Sunday, November 2, 2014

Sunbonnet Sue and Overall Sam

This quilt has always been part of my life.  It goes back as far as memory, for me.

I grew up sleeping under it at our cabin at Pinecrest, in the Sierras of California.  It was my favorite quilt.  I loved all the different colored dresses on the little girls and the funny boys in overalls.  I didn't know its story then, but I loved it.

My dad sold the cabin in the 70's, the quilt was packed in a trunk, and I saw it now and then at my folks' place.  And then one day, after my mom had gotten sick and couldn't tell me where things were anymore, I went looking for it and couldn't find it.  I asked my dad.  No idea.  Whew.  I wondered where in the world it could have gone.  Several years passed, and still no sign of it anywhere.

Then one day when I was helping my dad move stuff out of the old barn, I caught a glimpse of green and white and thought, "What in the world???"  I pulled that green and white off of some old boards, and there it was.  "My" quilt.  Very dirty, but still intact!

I took it home and it sat for awhile.  I wasn't sure what I should do to care for it.  Eventually, it started smelling moldy and I decided it was time to take it apart and see what I could do with it.

It was a tied quilt, so I took out all the ties and separated the top from the back.  What I found inside was amazing to me.  Several old wool sweaters had been taken apart and opened up flat and then stitched to a flannel sheet to form the batting. I recognized  two of them from pictures.  One had been my uncle's and one my mother's.  Truly a Depression Quilt.  I washed both the top and back and then set them away again, waiting until I knew what to do next.

In the meantime, I talked with my uncle, and he told me that it was their aunt - his and my mom's -who had made the quilt for my mom in 1937 or '38.  I got inspired to restore it, but still didn't really know what to do.

In 2011, Maggie and I were blessed to fall into an incredible quilt group.  I took the quilt top and asked them what they would do with it, and I was given good advice, which I followed.

So, after soaking it in Oxyclean, repairing some of the embroidery, then using some of the uneven border fabric to patch the holes caused by the ties pulling through, I sandwiched it with cotton batting, and basted it.

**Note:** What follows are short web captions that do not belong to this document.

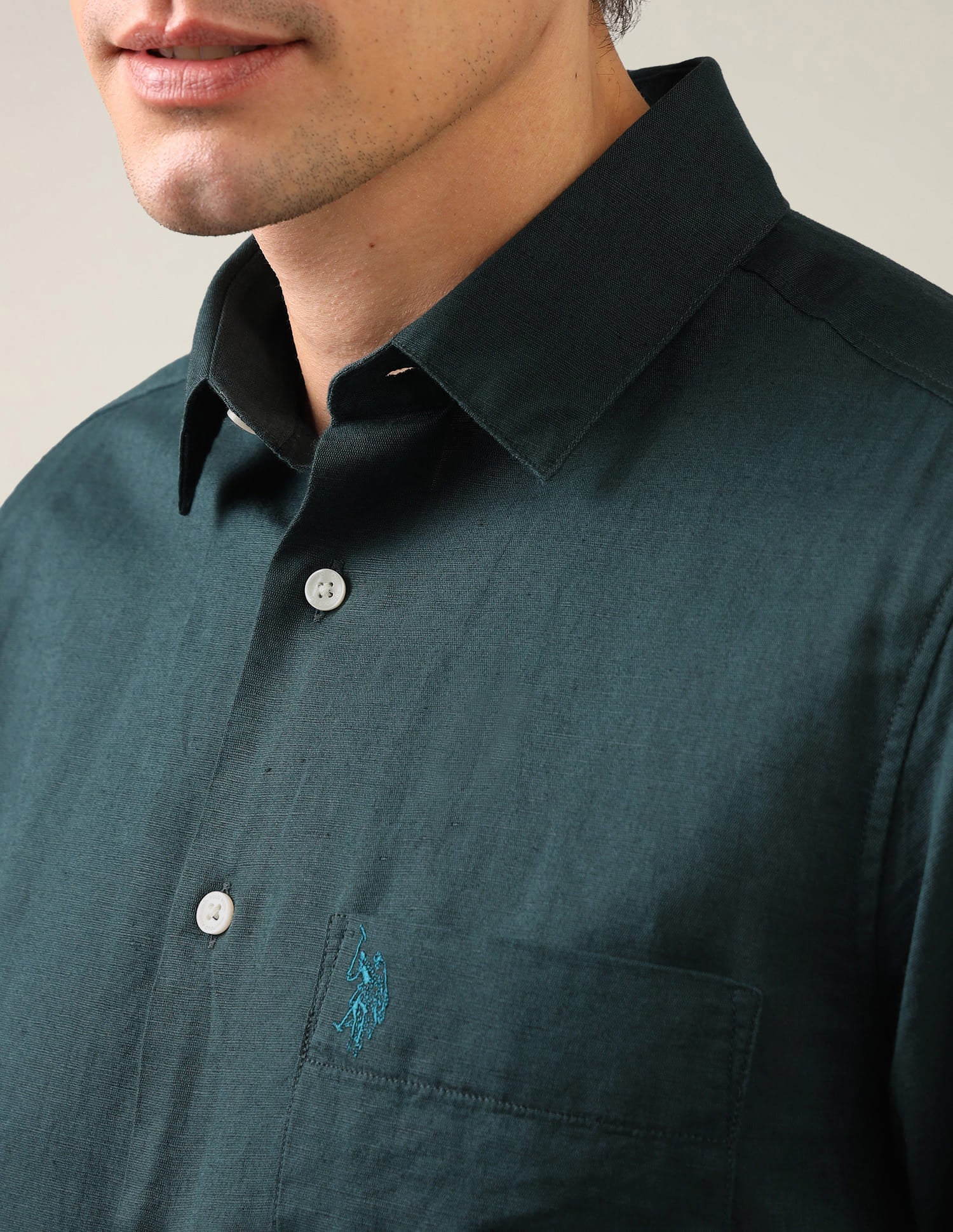 Tailored Fit Regular Shirt Blue - U.S. Polo Assn. India | Large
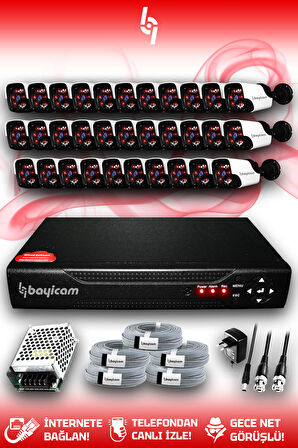 BAYICAM 32 Kameralı Panda 32 Dış Kamera Set HDD'siz Full HD Gece Görüşlü Güvenlik Kamerası Sistemi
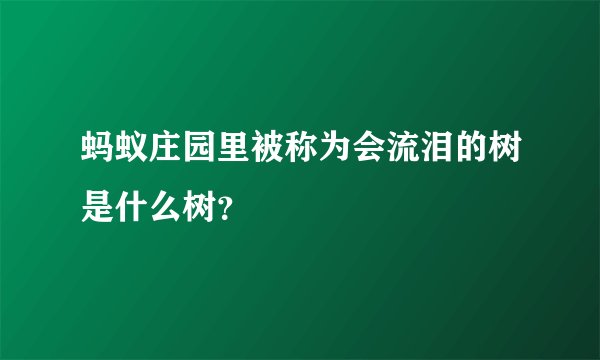 蚂蚁庄园里被称为会流泪的树是什么树？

I started with outlining the Sues and Sams and the four sides of each block with hand quilting.  I thought that would be as far as I would take it.  I hadn't been a hand quilter until then.  But with the gentle encouragement of my compatriots at our quilting group, I decided to crosshatch all the blocks, as well.  Then when that was all finished, I added the twisted rope border in the sashing.  And then I bound it.  The only fabric that is not from the 30's is the binding.  If ever I find an original 30's piece of museum green that matches the sashing and border fabric, I'll probably replace what I've used.

The fabrics in this treasure are a wonderful representation of the patterns available in the 30's.  The prints are sweet.  The solids wonderful.  The back is a delightful patchwork of 3 different fabrics.  I just love the historicity a piece like this contains.

So, in memory of my mom, Winifred Brown Thompson, I have this fabulous reminder of her childhood and mine because Helen Moe took the time to make and gift to Mom a quilt during the Depression.  Thank you, Aunt Helen.

Happy Quilting!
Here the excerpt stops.